10. Choose the wedding dress

The wedding dress is one of the star pieces of the big day and requires a lot of idealizing and research, preferably in advanced, so you have time to check out all your options before making a decision. You don’t have to buy the dress immediately after the wedding proposal, but it is a good idea to start window shopping, magazine and online browsing… so the dream can start to become reality…
21 - Jan - 2011

Wedding Registries-the 411

Wedding Registries have long been a preferred way for the couple to ensure that people know what they need and for guests to know that their gift will be useful.

In recent years, gift registries have gotten easier for couples to establish and more convenient for guests to access. Most major department and even discount stores offer computerized registries, complete with in-store assistance in selecting items. Some registries can even be created online, and many more can be accessed online by guests looking to shop for the perfect gift.

Proper etiquette dictates that someone other than the bride and groom advises guests where a couple has registered. A family member or a member of the wedding party is acceptable. Etiquette dictates that you do not including gift registry information with your wedding invitations.

The nature of items in a registry has evolved in the past few decades.
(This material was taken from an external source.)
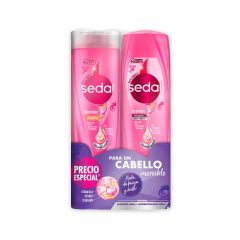 Shampo Sedal 340m + Acond 340m Ceramidas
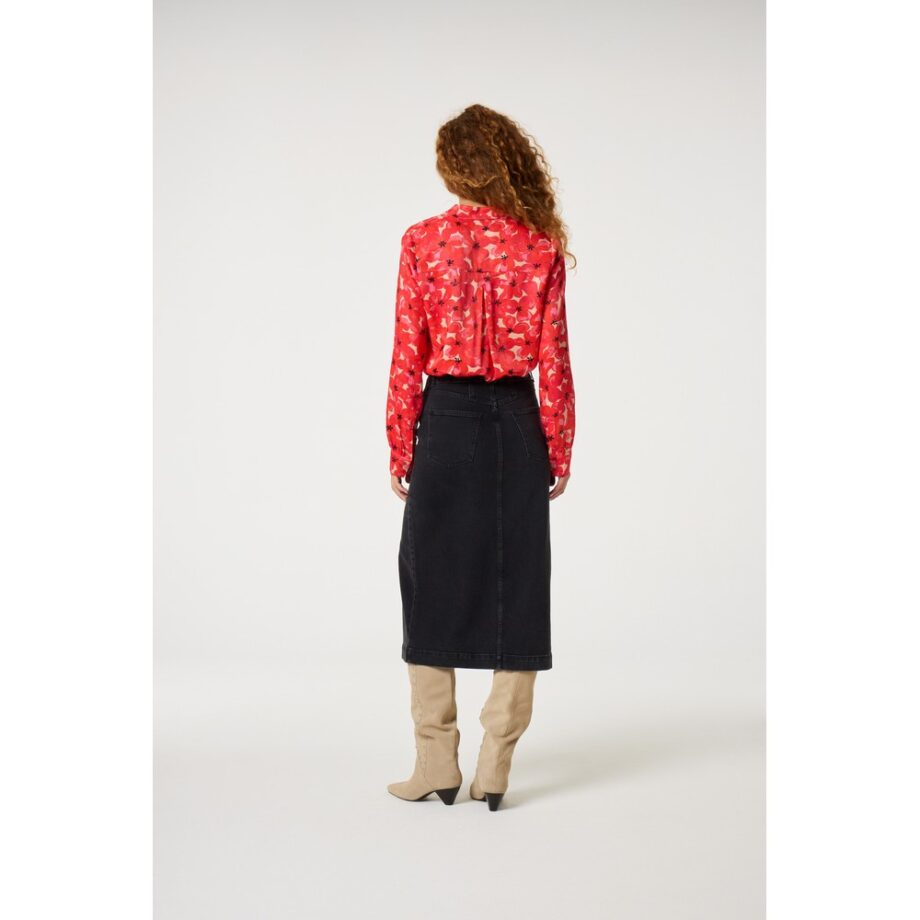 Fabienne Chapot Bluse Sancho Blouse  Pink Glow/Pink Darli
In the past, it was limited to items such as china and silver. Nowadays, the selections are much bigger. Major Hardware store chains, such as Home Depot offer wedding registry, so instead of china, you can register for a power sander, which you may well find much more useful.

It is, however, still a faux pas to register for cash gifts, anything lewd or vulgar, or anything with an exorbitant price. Whatever you do, don’t write “cash-only gifts” on your wedding announcements.
So you look at that rug that Uncle Lester bought you (you know, the one with the giant peacock on it?) and you think that it may not fit with your décor. That’s a sticky situation. Exchanging a gift may offend or hurt a loved one’s feelings, so you have to use your better judgment and consider the risk. If you decide to exchange the gift, you are not obligated to inform the gift giver and your thank you note should be for the original gift receive
d, not the replacement.

If a gift was received broken, was a duplicate or just an incorrect gift, go ahead and attempt to rectify the situation with the retailer. If you’re unable to do so, see if the gift-giver can help you get it straightened out. The store should offer to return, exchange, or replace the gift.
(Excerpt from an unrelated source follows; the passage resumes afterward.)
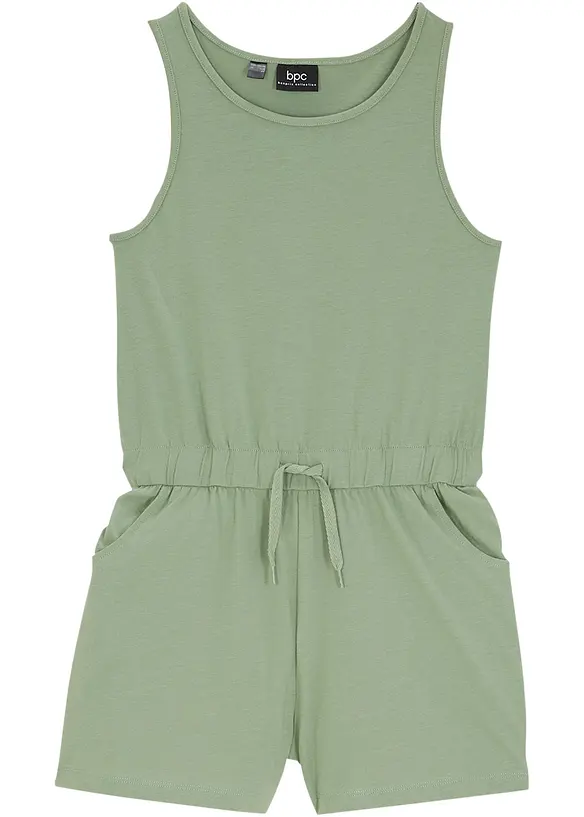 Tuta in jersey di puro cotone, bonprix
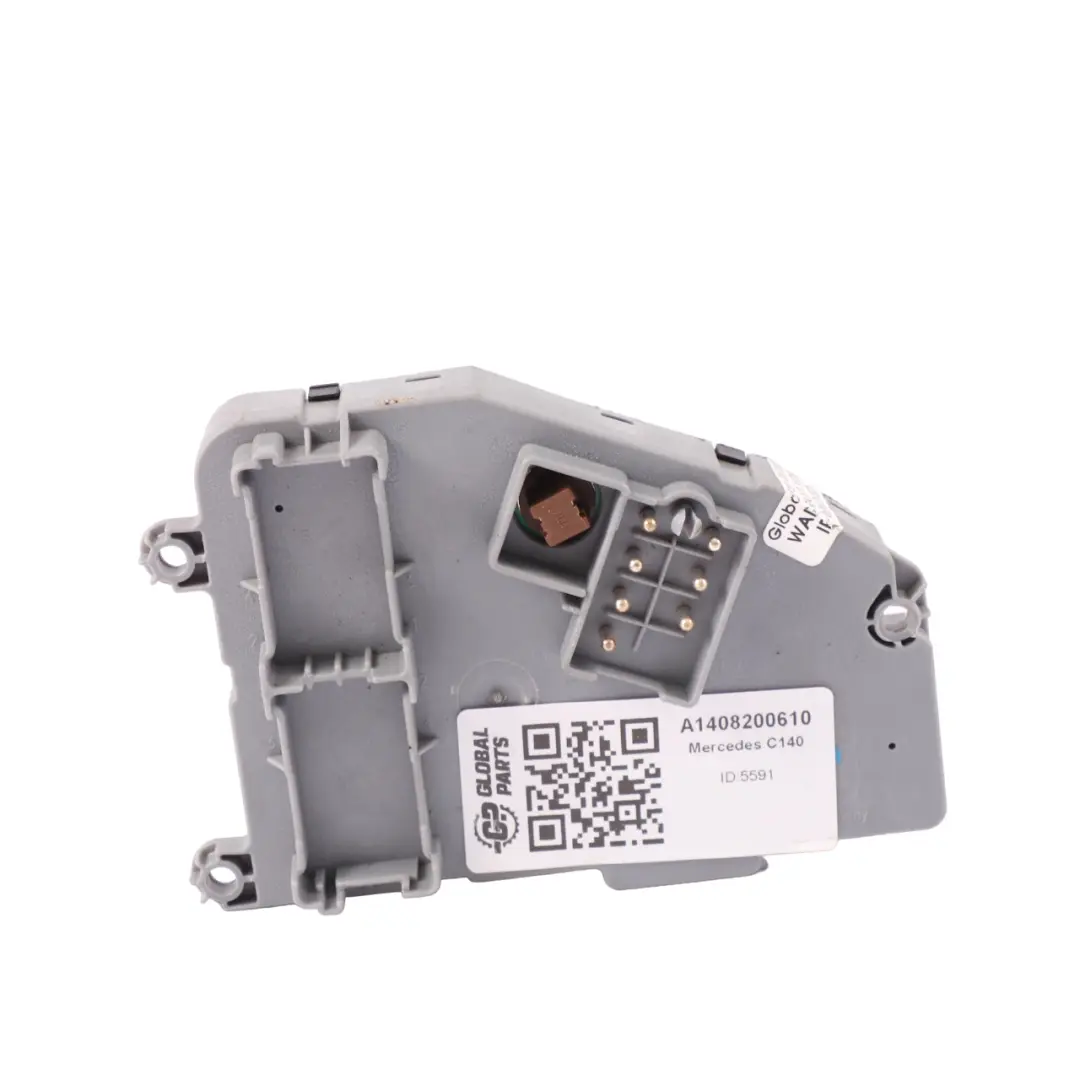 Mercedes C140 Sitzverstellungsschalter vorne rechts Memory Taste - SKU A1408200610 - Teilenummer A1408200610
All gifts should promptly be followed by a hand-written thank you card, and not an e-mail. Etiquette dictates that all thank you notes must be written within 3 months of your wedding. This applies to engagement and bridal shower gifts.

When writing your cards, don’t worry about sounding original so much as sincere. After all, your Aunt Lucy won’t know that her thank you card sounded strikingly similar to your new husband’s cousin Ted’s card. Just be sure to specifically mention the gift they gave you and how thankful you are that you received it. If you’ve still got lots of space on the card, you can also mention when and how you might use the gift and that the gift will always remind you of the giver.
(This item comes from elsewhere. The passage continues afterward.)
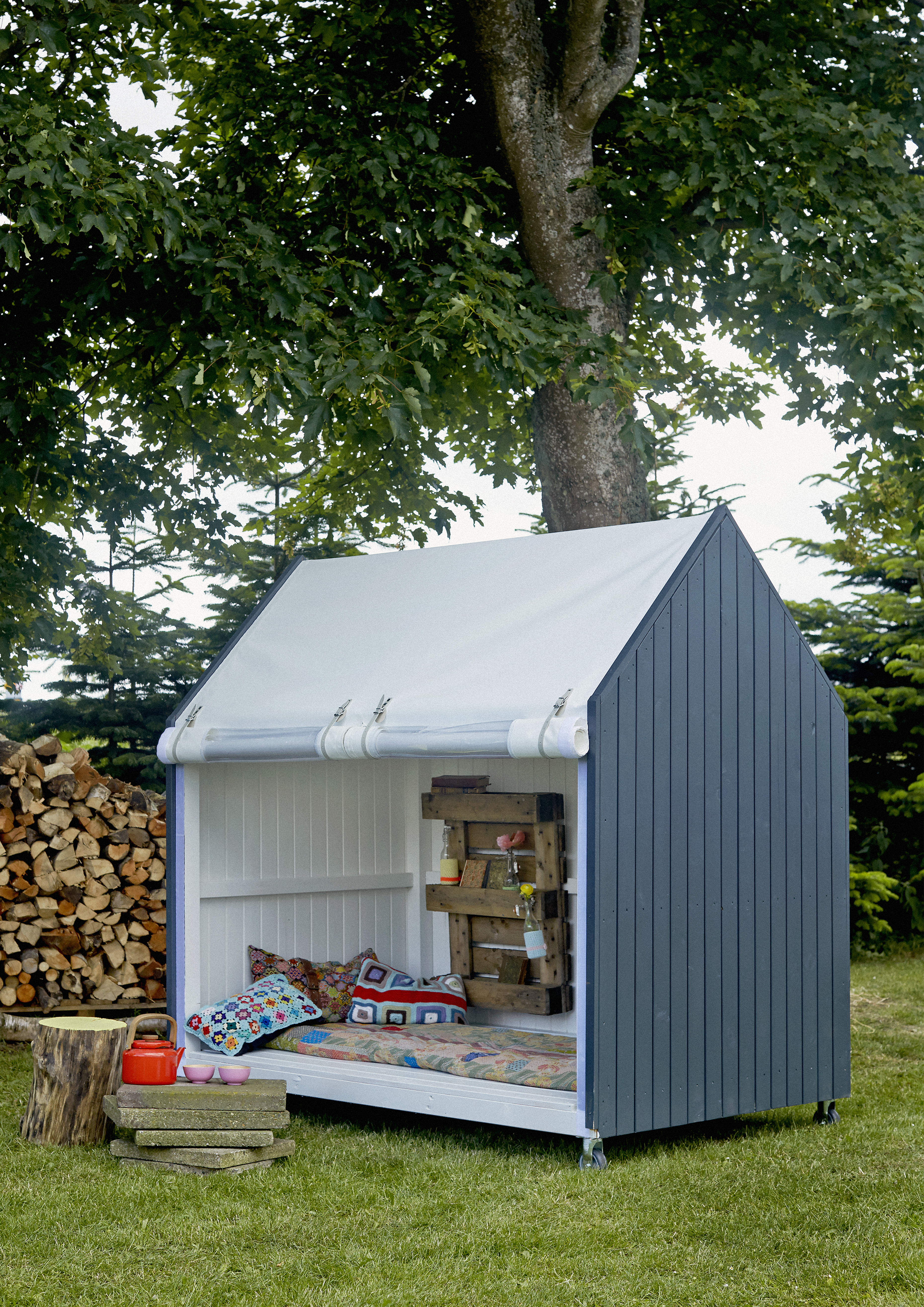 Shelter på hjul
When writing thank you notes for cash gifts toward a larger purchase (a house or a car, for example), let them know how much you appreciate their cash gift and tell them how the buying process is going. If it’s feasible, invite them over for dinner or take a ride in your car once the purchase is made.

If you are a guest at a wedding and never received a thank you note for a wedding gift sent several months ago, it is perfectly acceptable to inquire whether the couple ever received the gift. You may ask their parents if you feel more comfortable. The gift may have been lost during shipment, a situation which would need to be addressed.